Now this is the yoke of kindly willing subjection to God in Christ, submitting ourselves to him. We must submit to him as our rightful Lord and ruler, "as the princes and the mighty men, and all the sons likewise of king David, submitted themselves unto Solomon the king." We must no more go without a yoke, but take on his yoke. It is twofold.
1. The yoke of subjection to the will of his commandments. He that made you is offering to rule and govern you, to give out commandments to you, to be obeyed. "Thou hast commanded us to keep thy precepts diligently." It is your duty to submit, to take his will for your law. He must be obeyed, as well as believed.

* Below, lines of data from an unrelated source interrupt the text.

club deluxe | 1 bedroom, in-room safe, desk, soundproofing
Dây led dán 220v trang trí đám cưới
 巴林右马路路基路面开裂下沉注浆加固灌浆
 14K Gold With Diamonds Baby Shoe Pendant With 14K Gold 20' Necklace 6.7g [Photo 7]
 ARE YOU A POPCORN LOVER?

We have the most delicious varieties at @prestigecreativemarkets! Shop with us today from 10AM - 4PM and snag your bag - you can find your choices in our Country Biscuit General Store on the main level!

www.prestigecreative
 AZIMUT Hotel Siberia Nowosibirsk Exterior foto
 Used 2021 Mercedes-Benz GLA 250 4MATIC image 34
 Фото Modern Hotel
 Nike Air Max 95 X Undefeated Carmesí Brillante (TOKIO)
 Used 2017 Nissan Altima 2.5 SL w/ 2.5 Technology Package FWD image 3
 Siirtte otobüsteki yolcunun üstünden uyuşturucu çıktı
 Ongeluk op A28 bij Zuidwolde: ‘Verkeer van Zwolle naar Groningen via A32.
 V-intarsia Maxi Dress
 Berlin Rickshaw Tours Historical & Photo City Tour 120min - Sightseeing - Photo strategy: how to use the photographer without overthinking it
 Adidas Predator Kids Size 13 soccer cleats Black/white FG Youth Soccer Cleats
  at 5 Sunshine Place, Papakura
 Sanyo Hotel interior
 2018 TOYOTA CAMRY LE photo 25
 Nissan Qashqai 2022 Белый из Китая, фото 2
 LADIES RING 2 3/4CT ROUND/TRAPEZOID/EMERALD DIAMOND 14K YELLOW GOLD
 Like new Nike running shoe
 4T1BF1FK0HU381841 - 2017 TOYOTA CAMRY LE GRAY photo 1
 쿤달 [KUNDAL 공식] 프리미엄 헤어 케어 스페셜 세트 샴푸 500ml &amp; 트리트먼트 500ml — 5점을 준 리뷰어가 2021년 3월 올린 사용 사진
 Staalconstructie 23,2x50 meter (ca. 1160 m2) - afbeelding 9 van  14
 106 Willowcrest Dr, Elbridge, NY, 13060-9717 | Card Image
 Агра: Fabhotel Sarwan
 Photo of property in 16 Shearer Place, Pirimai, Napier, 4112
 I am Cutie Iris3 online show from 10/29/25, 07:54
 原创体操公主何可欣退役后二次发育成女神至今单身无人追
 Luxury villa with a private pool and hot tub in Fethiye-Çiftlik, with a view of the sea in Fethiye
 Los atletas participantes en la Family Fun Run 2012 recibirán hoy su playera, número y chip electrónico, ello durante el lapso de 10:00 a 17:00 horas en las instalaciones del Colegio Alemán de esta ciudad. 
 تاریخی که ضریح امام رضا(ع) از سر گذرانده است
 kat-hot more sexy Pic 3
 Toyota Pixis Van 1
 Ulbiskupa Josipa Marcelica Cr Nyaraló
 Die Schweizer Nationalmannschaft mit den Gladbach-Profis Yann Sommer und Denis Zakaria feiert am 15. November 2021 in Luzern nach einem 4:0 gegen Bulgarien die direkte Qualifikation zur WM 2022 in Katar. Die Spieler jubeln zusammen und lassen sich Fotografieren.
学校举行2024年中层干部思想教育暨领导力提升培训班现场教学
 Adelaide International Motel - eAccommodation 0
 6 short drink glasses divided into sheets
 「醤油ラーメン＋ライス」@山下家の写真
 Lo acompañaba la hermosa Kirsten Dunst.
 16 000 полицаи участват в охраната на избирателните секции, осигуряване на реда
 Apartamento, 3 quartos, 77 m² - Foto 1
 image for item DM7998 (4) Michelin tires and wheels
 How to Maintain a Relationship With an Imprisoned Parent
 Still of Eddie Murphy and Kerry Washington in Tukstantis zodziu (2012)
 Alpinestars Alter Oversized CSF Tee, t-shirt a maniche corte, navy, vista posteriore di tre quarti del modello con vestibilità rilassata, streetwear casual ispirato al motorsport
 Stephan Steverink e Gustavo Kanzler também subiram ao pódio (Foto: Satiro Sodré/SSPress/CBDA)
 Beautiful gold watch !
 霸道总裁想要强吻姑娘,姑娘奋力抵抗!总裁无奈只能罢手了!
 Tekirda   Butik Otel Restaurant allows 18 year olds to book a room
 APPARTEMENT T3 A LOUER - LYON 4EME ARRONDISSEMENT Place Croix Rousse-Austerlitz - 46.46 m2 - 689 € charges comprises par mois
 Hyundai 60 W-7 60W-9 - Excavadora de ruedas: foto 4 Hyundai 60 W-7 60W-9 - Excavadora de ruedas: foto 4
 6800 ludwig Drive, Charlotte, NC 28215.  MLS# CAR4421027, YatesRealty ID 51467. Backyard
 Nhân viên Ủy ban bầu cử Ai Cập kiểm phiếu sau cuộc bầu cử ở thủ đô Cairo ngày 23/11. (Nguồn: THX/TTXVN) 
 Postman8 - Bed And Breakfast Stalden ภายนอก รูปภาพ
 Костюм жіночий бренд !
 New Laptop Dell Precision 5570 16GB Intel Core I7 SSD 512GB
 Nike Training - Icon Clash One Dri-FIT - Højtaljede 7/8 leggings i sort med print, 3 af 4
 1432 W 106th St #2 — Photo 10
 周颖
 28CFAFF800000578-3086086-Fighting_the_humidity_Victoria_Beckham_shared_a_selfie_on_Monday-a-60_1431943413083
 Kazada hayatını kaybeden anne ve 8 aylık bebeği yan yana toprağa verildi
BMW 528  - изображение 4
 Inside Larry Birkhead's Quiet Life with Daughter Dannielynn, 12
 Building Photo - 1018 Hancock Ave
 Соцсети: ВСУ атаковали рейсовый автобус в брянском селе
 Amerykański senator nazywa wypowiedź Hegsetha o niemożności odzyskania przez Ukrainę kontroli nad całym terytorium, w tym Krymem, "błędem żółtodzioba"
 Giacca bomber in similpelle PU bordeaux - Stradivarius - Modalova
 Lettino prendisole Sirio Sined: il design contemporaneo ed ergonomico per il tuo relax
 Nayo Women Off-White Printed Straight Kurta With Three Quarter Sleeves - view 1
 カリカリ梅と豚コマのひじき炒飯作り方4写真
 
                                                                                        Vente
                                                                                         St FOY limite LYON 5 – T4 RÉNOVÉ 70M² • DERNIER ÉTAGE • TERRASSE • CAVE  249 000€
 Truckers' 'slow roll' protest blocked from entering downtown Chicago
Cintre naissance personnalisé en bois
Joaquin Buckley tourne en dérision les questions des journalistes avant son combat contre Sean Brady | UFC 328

"For Christ is the author of eternal salvation unto all them that obey him."
2. The yoke of his providential will. He that made the world and you, claims the government of the world, and of you; that since you are his own, he may do with you, as to your lot, what he will. "Is it not lawful for me, says he, to do what I will with mine own?" He will not have you masters of your own process, or to carve for yourselves. He claims to dispose of you, as seems good to him. And you ought to take on this yoke, saying, He shall choose our inheritance for us.
Now, this obedience of the sinner to God is called a yoke,
1. Because coming under it, we are in a state of subjection as those under a yoke. The ox that hath never been under the yoke is untamed, and goes where he lists; so does the unsubdued sinner. "They say, with our tongue will we prevail; our lips are our own, who is Lord over us?" The sinner's own will is his law. But when he submits his neck to God's yoke, he yields to do and suffer what he will, saying, with Paul at his conversion, "Lord what wilt thou have me to do ?"
2. Because it is laid on us for labour or work. Beasts for slaughter go without a yoke at their own ease and pleasure; but those that are for work must bear it. Those men who walk licentiously after their own lusts, if they repent not, will find that the case of cattle for slaughter will be theirs. "For, says the prophet, God will pull them out like sheep for the slaughter, and prepare them for the day of slaughter." But the yoke is taken on for labour. Under it we are with David "to serve our generation by the will of God, and to work out our own salvation, with fear and trembling."
3. Because by it we are not only kept at work, but kept in order at our work. If any thing be wrong in the yoke, the work becomes disorderly. They who truly bear the yoke, are uniform and orderly in their obedience. "They have respect unto all God's commandments." They who take their religion by fits and starts, who are partial in the law, strict in some plain duties, loose in others, who serve God but by halves at best, discover themselves not to be truly come under the yoke.
4. Because of its uneasiness to the flesh. Though the service of God is a blessed state of freedom; yet to flesh and blood, it is a yoke, grating to our sensitive appetites, and crossing our corrupt wills. To the new nature indeed it is easy; but to the old corrupt nature most uneasy; and as long as there are any remains of it, there will be a pain in bearing it. "For the flesh lusteth against the spirit, and the spirit against the flesh; and these are contrary the one to the other; so that ye cannot do the things that ye would."